- **Scraped caption text data**:
=== Begin Enclosure ===

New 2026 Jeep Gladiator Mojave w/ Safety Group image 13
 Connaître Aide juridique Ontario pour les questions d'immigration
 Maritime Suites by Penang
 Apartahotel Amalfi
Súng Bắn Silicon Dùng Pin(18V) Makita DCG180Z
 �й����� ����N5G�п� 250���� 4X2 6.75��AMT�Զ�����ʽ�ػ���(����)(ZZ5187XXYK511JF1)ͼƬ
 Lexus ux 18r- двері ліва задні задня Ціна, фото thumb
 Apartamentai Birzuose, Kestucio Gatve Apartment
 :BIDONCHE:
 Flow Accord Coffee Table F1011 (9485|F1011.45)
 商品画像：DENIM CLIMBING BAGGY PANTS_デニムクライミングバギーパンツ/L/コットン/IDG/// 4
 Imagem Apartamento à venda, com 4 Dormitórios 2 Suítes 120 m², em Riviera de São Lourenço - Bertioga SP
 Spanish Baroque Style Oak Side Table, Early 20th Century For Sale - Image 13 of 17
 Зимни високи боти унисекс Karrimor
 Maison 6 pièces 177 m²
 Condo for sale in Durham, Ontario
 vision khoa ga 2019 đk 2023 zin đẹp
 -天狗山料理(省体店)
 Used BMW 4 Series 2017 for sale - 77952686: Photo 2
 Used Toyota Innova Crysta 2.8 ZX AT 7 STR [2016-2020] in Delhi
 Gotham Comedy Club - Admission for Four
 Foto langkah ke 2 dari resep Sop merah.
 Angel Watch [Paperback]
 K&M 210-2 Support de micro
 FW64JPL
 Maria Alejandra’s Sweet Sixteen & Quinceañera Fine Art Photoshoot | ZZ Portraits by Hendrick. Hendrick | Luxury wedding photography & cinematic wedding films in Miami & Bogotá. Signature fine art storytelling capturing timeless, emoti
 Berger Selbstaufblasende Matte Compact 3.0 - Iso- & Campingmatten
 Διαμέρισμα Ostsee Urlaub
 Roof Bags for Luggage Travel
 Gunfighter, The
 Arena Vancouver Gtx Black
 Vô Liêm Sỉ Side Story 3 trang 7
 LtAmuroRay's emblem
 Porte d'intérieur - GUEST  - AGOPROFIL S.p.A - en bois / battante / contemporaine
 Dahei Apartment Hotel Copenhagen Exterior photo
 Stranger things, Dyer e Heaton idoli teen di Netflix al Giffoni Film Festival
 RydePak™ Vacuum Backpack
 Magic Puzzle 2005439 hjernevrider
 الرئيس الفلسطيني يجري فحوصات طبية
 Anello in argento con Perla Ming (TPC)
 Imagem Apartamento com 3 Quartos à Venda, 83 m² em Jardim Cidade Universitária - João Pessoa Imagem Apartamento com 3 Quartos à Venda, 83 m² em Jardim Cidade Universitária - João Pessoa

=== End Enclosure ===

- **What is required**:
Lines with "Ontario" in them are what the answer must contain; copy each from the records above.

- **Solution below**:
 Connaître Aide juridique Ontario pour les questions d'immigration
 Condo for sale in Durham, Ontario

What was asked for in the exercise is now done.